A ban on politics?12.06.2006
I'm not sure where to start. And I'll try to be brief. But events in Bolivia are unfolding — as should've been expected — into a total mess. No wonder few heads of state are willing to attend the South American summit scheduled for 8-9 December, in Cochabamba.
For about a week now, various public personalities (writers, politicians, civic leaders, etc.) have joined in a hunger strike against what they see as a heavy-handed political tactics of Evo's MAS-led government. Meanwhile, various protest marches demanding a two-thirds vote to approve the new constitution are increasing, w/ new marches joining in Sucre & La Paz. The prefect of Santa Cruz has declared a "de facto" political autonomy for the region & called for a regional parliament (the third such "cabildo" in recent months).
Things are also turning nasty. After the Miniter of Government (Alicia Muñoz) ordered police protection for hunger strikers removed, a violent mob attacked the San Francisco cathedral in La Paz, causing property damage, as they sought novelist Juan Claudio Lechín (who had joined the hunger strike).
What I find most distasteful is the accusation by government officials (including Evo) that the opposition protesters & hunger strikers are illegitimate because they represent "political" concerns. Aren't all activities "political" in that sense? The language of anti-politics, of arguing that government or state decisions are "correct" & all other opinions merely "politics" is the language of totalitarianism, the language of rejecting political discourse. The list of people who argued against "politics" in that vein includes Pinochet, Mussolini, Lenin, and other distasteful figures.
Worse, is the irony of it all. When Evo led his cocaleros in protests (sometimes violent protests), such activity was clearly political. It was a social faction w/ a political objective engaged in "political combat" w/ opposing forces. Why is such "political" activity less legitimate now? Why is "political" activity that disagrees w/ this current government not protected? What makes Evo's activities, statements, or intentions any less "political" than those of his opponents?

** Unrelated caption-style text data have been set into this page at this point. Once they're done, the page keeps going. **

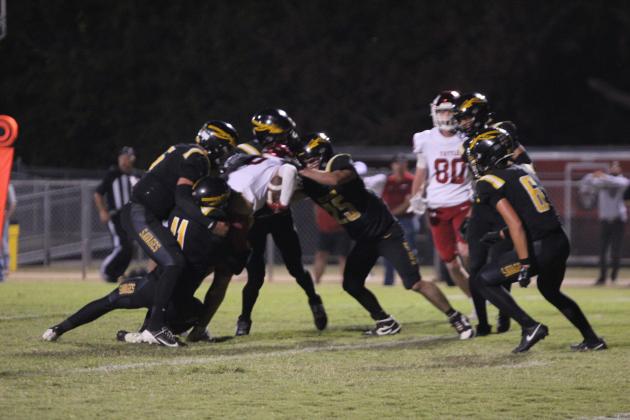 The Tecumseh Savage defense works to bring down the Tuttle ball carrier in the second quarter of the Oct. 16 home game against Tuttle. The Savages lost 6-70.
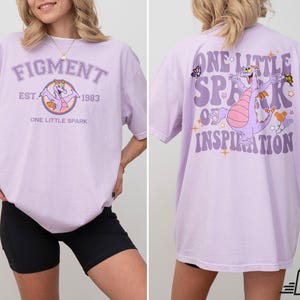 Op de afbeelding: Paars T-shirt met een cartoon-draak en de tekst "Figment Est. 1983 One Little Spark" op de voorkant en "One Little Spark of Inspiration" op de achterkant.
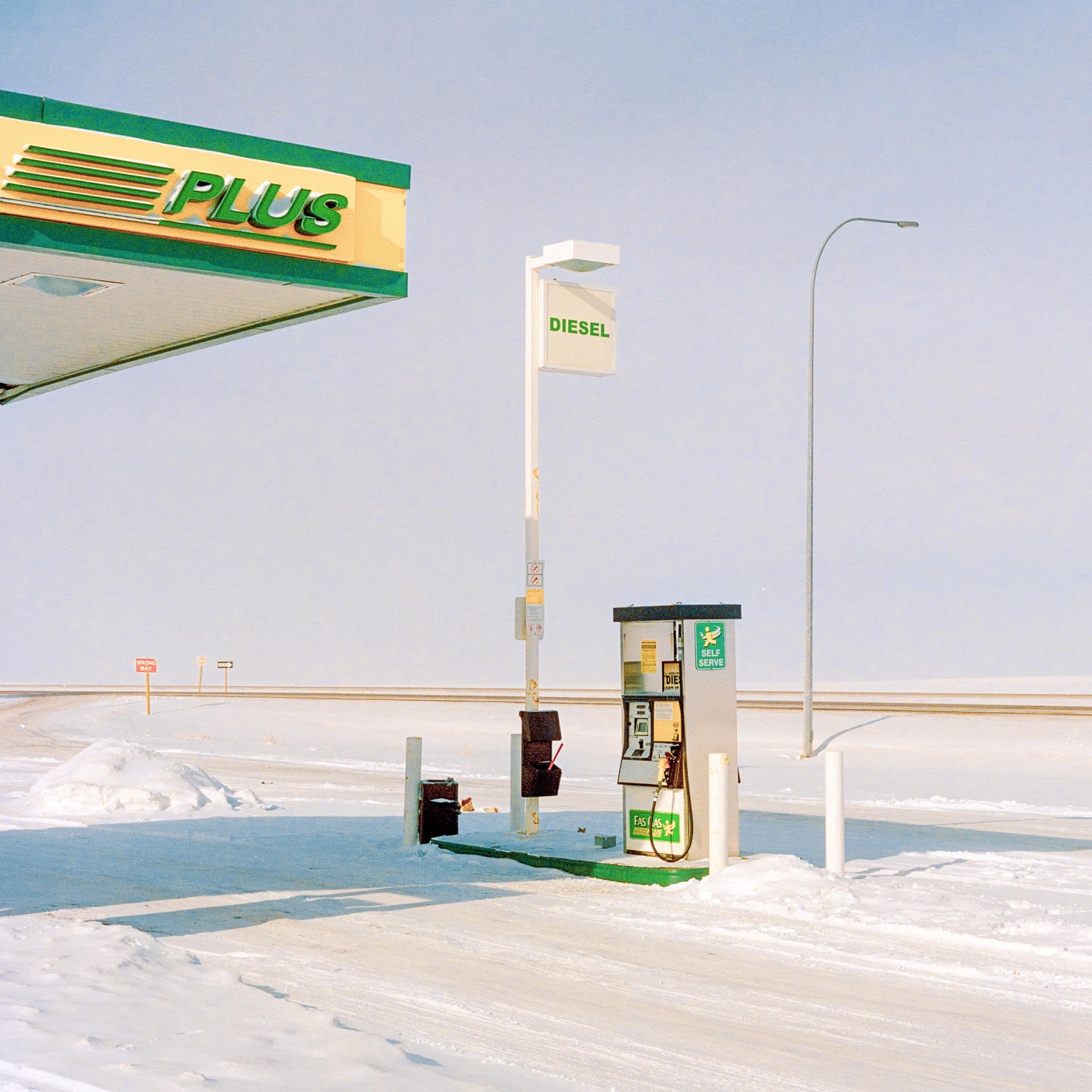 A gas station with a diesel pump stands in a snow-covered landscape under a clear sky.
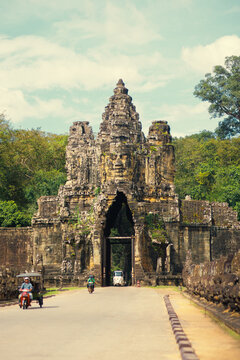 Angkor Thom Gate With Bayon Face Tower And Traffic, Siem Reap, Cambodia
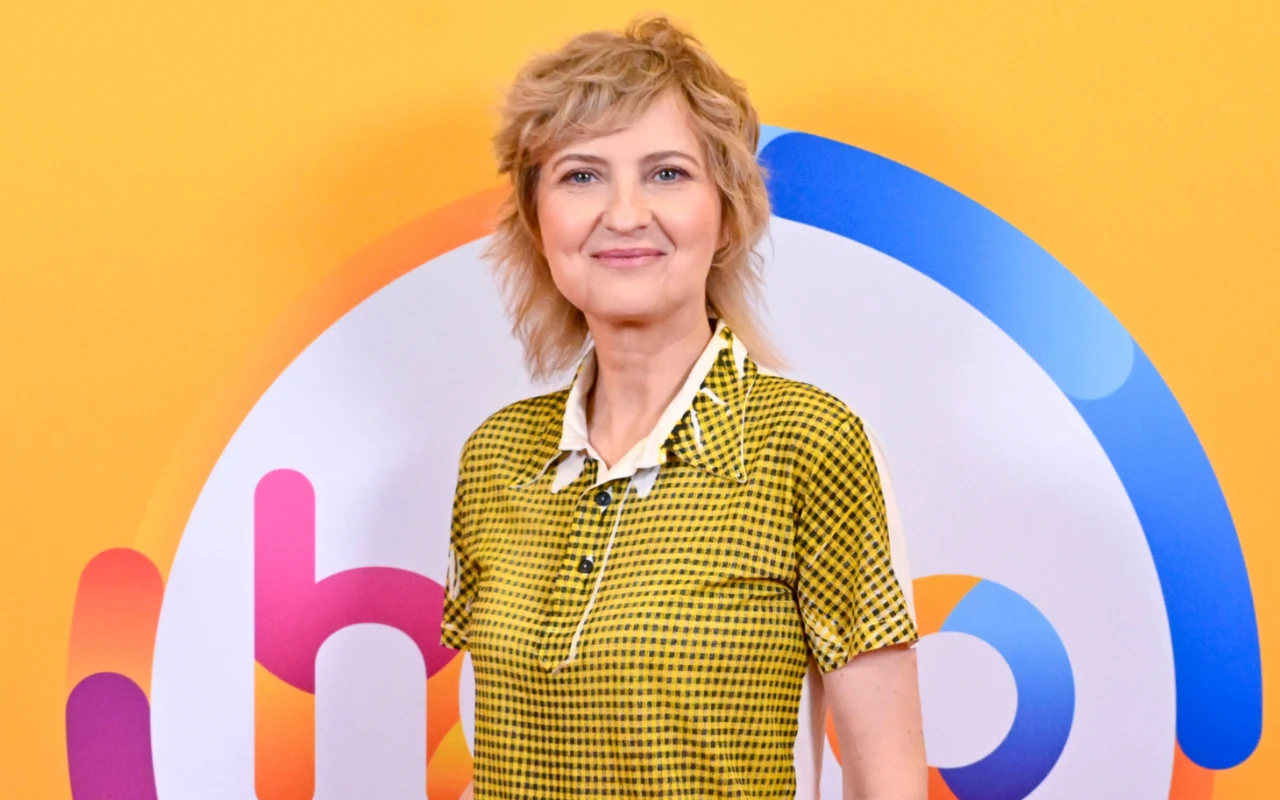 Izabela Kuna w studiu "halo tu polsat" Kobieta z krótkimi blond włosami, ubrana w wzorzystą koszulę w odcieniach żółci, stoi na tle kolorowego graficznego logo.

More than anything, the message Evo & his supporters are sending to the Bolivian public is simple: "Opposition to our views is not allowed, and will not be tolerated." Quite the democratic revolution, eh?

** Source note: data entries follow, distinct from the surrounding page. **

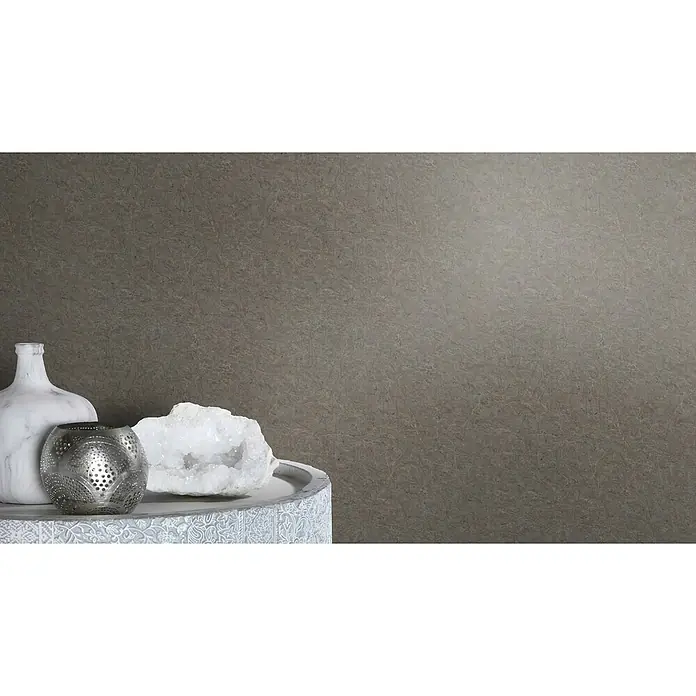 SCHÖNER WOHNEN-Kollektion Cosyliving Vliestapete MARBLE Marmor - Anthrazit, Steinoptik, 10,05 x 0,53 m - Eine Nahaufnahme eines Arrangements mit einer Marmorvase, einer Metalllaterne und einem Quarzkristall auf einem dekorativen Sockel vor einem grauen Hintergrund.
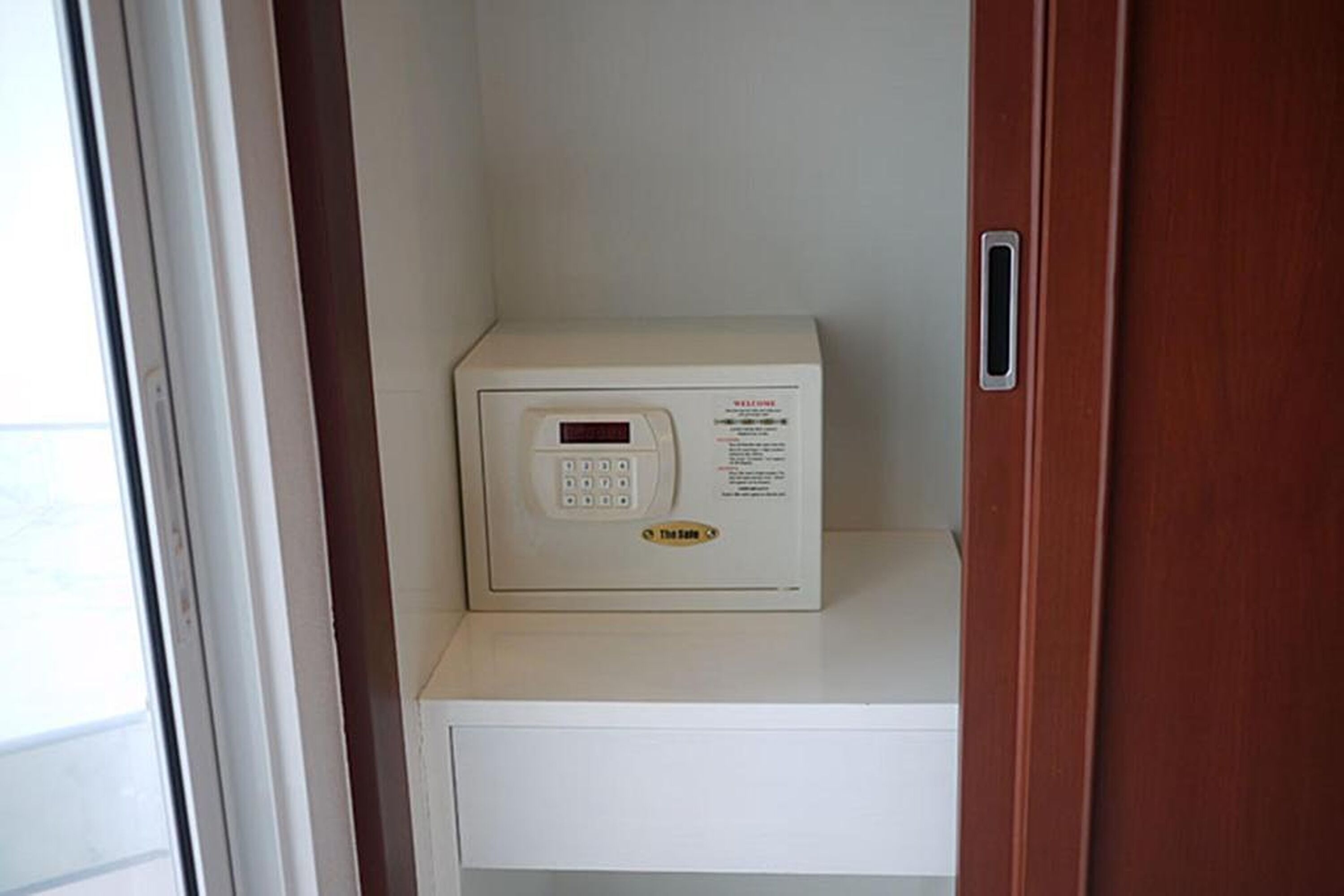 A white security keypad with a digital display, located on a white shelf in a room with a wooden door.
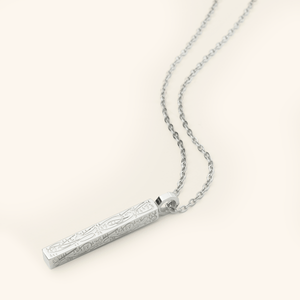 Photo of a silver necklace that features the Arabic Calligraphy of  'with every hardship comes ease' that is engraved intricately all along this timeless bar pendant. 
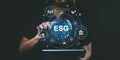 Person interacting with digital ESG interface on tablet. Dark ba Royalty Free Stock Photo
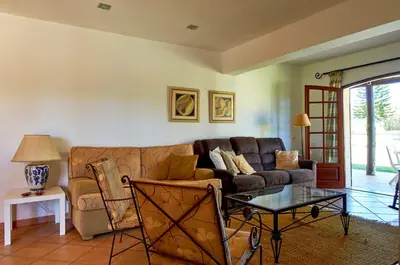 a living room with a couch and a glass table at Charming House Vilamoura in Vilamoura
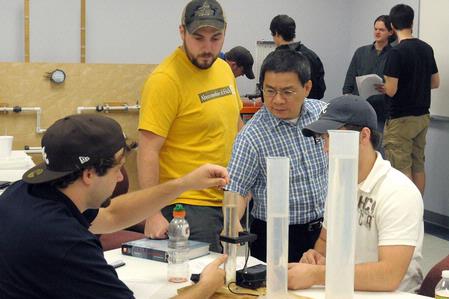 Dr. Don Van, professor of engineering and department chair, helps a group of students with a lab assignment. - Photo by Morris Abernathy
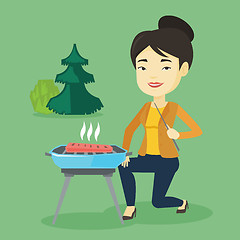 Image showing Woman cooking steak on barbecue grill.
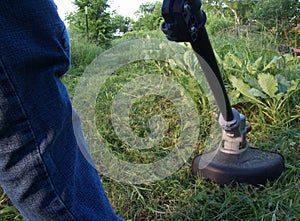 String trimmer mowing weeds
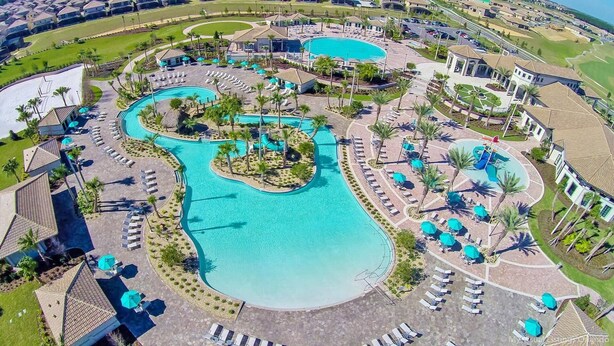 Un resort con varias piscinas, tumbonas y palmeras.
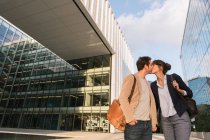 From below happy couple coworkers kissing each other while standing outside modern building on city street after work — Stock Photo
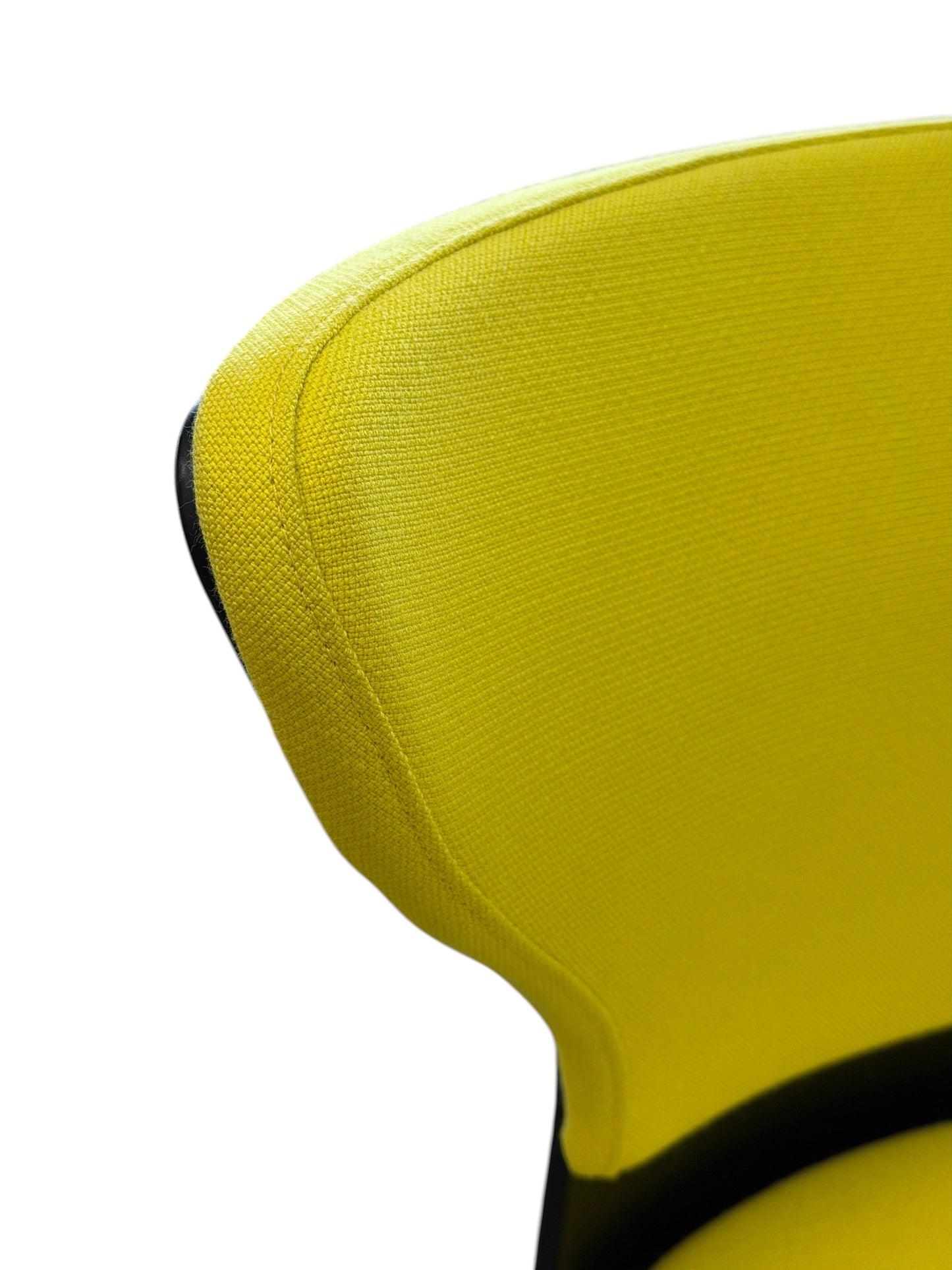 Close-up of a Sedus Turn around 181 high desk chair in vibrant gelb fabric with black polypropylene accents.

Posted by Miguel at 01:32 PM
But how does it play out? Will the two sides come to a compromise? Or will it lead to a crisis/confrontation (as Evo's pre-presidency activities did)?

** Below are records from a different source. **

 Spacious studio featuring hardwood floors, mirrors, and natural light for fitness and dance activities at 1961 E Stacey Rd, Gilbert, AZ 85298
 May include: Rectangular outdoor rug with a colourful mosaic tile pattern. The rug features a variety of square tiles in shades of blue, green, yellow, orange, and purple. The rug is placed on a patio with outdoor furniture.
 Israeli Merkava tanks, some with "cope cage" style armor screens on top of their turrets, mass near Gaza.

Posted by: mike d at December 7, 2006 11:17 AM
I think its ineresting all of the leftist rethoric that gets associated with people Like Evo Morales or even Chavez in the USA. Its almost as if the indeginous are "leeched" upon for all sorts of self righteous causes that in reality would be laughable if you were to be in their situation. Hell, the liberal academic community would not exsist if they couldn't put their imperial gaze onto such people further primitivizing them into a bounded, magical non christian entity while the rest of us modernize?